Mr. Abdelhaq Sari, spokesperson for the Opposition party for public security, and Mr. Philippe Thermidor, borough councillor in the Ovide-Clermont district, presented solutions this morning to remedy cybercrime, cyberbullying and cyberstalking. Accompanied by Mr. Pierre Johnley, president and founder of the NSK organization, the elected officials of Ensemble Montréal are asking that a “Web patrol” made up of several social and community workers be put in place by the end of the year by the Service de police de la Ville de Montréal (SPVM). This would allow for better monitoring of social networks, which are increasingly used as a catalyst by radical and criminal groups.
“Many disputes start online and then move to the streets. That requires constant awareness and prevention. This is the least the administration can do to help young people, their parents, their entourage and the authorities,” explained Mr. Thermidor at a press conference at Montreal City Hall.
Data from the SPVM show that files related to cybercrime have jumped from 20% to 30% in the last five years and that 98% of criminal files handled by the cyber investigation module now involve the use of Facebook, Instagram, Snapchat and YouTube.
Faced with this problem, the Official Opposition also urges the City of Montreal and the SPVM to develop new spaces for safe expression in collaboration with their partners, while also promoting the prevention tools that exist via applications commonly used by young people. A chat platform, for example, could be set up to make it easier for victims of cybercrime, cyberharassment and cyberbullying to speak out.
“These measures would be complementary to the hotline dedicated specifically to Montrealers affected by youth violence that we have proposed and adopted at the council.
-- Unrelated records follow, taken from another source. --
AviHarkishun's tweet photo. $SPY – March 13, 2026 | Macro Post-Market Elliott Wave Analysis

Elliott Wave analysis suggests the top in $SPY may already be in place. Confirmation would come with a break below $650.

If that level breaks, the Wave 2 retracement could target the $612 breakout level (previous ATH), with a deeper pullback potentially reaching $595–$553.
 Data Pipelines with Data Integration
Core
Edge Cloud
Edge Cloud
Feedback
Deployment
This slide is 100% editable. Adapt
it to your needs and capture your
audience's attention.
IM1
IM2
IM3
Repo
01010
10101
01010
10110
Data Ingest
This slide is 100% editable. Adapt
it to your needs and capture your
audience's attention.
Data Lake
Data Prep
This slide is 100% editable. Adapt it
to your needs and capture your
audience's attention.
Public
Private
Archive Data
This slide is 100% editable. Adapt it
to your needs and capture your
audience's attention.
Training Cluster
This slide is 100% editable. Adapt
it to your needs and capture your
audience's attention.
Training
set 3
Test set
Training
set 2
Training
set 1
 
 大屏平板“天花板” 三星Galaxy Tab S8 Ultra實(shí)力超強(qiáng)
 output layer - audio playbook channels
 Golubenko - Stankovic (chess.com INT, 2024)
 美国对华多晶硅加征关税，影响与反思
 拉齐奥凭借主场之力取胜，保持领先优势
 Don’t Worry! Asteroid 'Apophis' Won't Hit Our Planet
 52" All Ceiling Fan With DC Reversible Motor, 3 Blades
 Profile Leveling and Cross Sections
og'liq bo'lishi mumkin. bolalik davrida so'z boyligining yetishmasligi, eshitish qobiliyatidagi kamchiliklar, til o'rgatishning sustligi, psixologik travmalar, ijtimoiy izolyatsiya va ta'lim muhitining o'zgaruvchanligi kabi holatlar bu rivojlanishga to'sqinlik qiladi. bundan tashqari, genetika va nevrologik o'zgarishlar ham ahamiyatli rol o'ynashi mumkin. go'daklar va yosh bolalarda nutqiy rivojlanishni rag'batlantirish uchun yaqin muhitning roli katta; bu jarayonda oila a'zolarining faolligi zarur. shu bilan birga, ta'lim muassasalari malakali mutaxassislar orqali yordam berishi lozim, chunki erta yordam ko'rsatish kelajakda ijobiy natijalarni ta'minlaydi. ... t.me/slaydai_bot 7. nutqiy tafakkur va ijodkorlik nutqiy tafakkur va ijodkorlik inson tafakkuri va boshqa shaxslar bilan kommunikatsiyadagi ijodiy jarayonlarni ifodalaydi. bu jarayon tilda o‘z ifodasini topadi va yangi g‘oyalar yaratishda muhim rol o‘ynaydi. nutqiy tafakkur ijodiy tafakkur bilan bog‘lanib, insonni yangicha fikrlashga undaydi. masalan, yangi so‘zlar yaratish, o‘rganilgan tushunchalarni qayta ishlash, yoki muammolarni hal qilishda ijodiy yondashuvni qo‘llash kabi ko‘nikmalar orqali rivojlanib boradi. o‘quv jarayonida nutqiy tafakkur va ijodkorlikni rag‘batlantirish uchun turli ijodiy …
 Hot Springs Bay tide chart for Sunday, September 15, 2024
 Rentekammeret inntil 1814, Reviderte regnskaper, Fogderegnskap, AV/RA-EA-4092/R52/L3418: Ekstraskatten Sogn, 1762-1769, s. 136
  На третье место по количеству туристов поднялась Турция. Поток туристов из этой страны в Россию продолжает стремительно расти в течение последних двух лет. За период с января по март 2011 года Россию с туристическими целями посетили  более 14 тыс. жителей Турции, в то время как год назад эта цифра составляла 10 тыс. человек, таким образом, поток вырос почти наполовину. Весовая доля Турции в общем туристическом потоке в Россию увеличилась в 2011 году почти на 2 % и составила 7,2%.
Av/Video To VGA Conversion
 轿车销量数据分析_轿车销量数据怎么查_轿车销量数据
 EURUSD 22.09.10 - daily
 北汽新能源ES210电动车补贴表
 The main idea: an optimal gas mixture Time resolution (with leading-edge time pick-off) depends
We would be able to cover all angles, both preventive and coercive. Let’s not wait for a second Forum to take action,” added Sari.
To make these resources known to as many people as possible, an awareness campaign is being requested in all municipal spaces. This could culminate at the beginning or end of the school year with an awareness week on “the proper use of social media”.
“Many young people believe they are not capable of achieving their dreams, that they are not good enough. Online violence can be a part of that, and that’s why we need to make them aware of what’s being said and done online. We have to make sure that they don’t internalize this violence,” said Pierre Johnley, president and founder of the NSK youth organization.
A motion to this effect will be tabled to City Council on August 22.